“How can we, with all the knowledge and experience and free press and civil society in this country operate an economic system which will increase the number of Nigerians in severe poverty every year, for three (3) years running, until we are now home to the largest number of people in severe poverty in the world. And Bill Gates and the World Bank and IMF are now blaming us for not investing enough in our own citizens?”
This is the billion Naira question being posed to the Nigerian elite by Engineer Abba Gana, an ideologue of the Progressives in the Second Republic and one time Minister for the FCT in the Fourth Republic. He was speaking as a Life Time Achievement awardee on the topic “The Task of National Development: A Clarion Call to All Stakeholders” in Abuja.
Agreeing with Professor Biodun Jeyifo, The Nation’s columnist that Nigeria operates the most unproductive and the worst type of capitalism in the whole world, the elder statesman thumbs down governments, the organised private sector and well endowed individuals for not doing enough for the vast majority of the citizens.
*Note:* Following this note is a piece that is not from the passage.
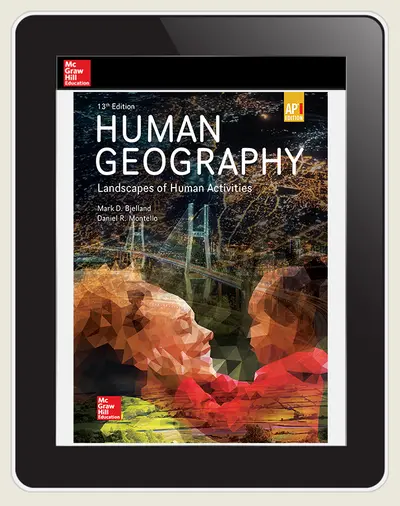Bjelland, Human Geography, 2020, 13e, (AP Ed), Digital Student Subscription,1-year subscription Bjelland, Human Geography, 2020, 13e, (AP Ed), Digital Student Subscription,1-year subscription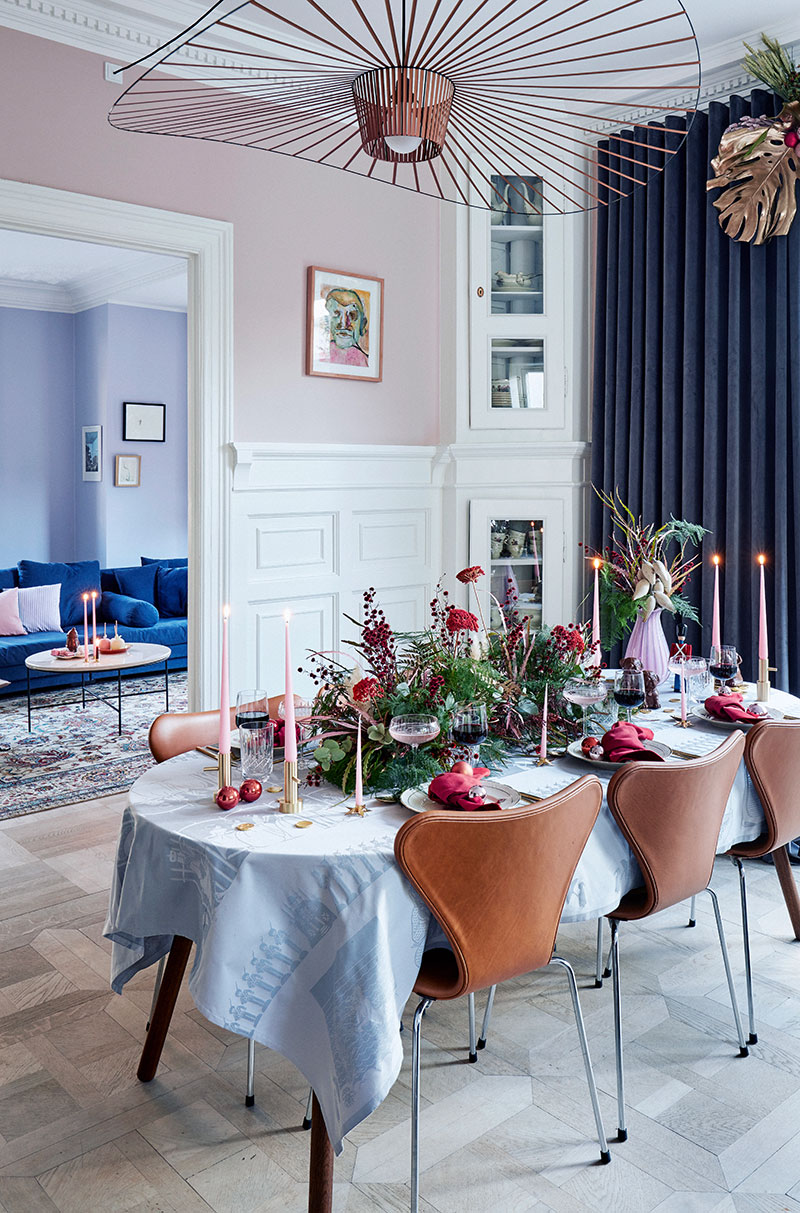 丹麦家庭圣诞节装饰的缤纷创意-8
He is wondering why education, health care, food, house, rent, transportation, electricity and water are very expensive in relation to wages and general level of prosperity. For him, “prices of essential commodities, services and utilities must at all times reflect the level of prosperity of the vast majority of our people”
Gana, most likely the only former FCT Minister living in a rented accommodation in Abuja cites CNN’s Business reporter, Richard Quest’s discovery that there are more private jets than commercial air crafts for use by the public in a country of 200 million people as the unsurpassed exemplar of how Nigerian leaders, policy makers and their advisers are simply not planning for the progress, prosperity and welfare of the citizens. That report, he says, demonstrates gross income inequality and declining public purpose in policy making and investment decision in Nigeria, a situation he calls for its arrest, adding how the IMF and World Bank have expressed grave concern about economic management in Nigeria in recent years.
He does not see anything surprising in how these institutions have been advising Nigeria of late to increase investment in human capital, an admission of error in their earlier policy of SAP. “This means that, in matters of economic development, we are on our own. We can formulate, design or pick and choose the economic development model which meets the needs of our people and suitable for our present level of industrialization, economic, social and agricultural development”, said Gana.
Identifying greed, denial and injustice as the causes of all crises in the world, the former FCT Minister contended that once there is justice and fairness at the level of leadership, there would be enough for everyone. He is strongly cautioning against a ‘winner takes all’ attitude in running government at all levels, saying that such would leave millions of people behind with nothing to do in an economy which he estimates to be 70 – 80 % dependent on government.
He is saying that leadership is at the core of every society’s progress or lack of it and that it is time for the Nigerian electorate to rise up and hold those they elect at all levels accountable or the country will continue to be home for those in severe poverty for many years to come.
Gana insists that leadership is what Nigeria must get right, an argument he formulated as follows: “Throughout human history amongst all races and in all countries, when things go wrong, it is because of the type of leaders they have and when things go right, it is also because of the type of leaders they have”. His conclusion is that if Nigerians want development, prosperity, security and welfare, they should search, identify good leaders and vote them to power.
Adding that the cure for bad leadership is the vigilance of the citizens, the former minister argues that “Democracy cannot work for the people unless and until the citizens are ready and willing to hold their leaders accountable and use their votes to reject bad, incompetent and corrupt leaders”.
Coming a week or so before the commencement of presidential campaigns for 2019 elections, it remains to be seen what impact the former minister’s bombshell will have on how the leading candidates frame the question of economic development model beyond the commoner slangs and their taken-for-granted meaning. Among such slangs are the market, the private sector, public-private partnership, privatisation, etc.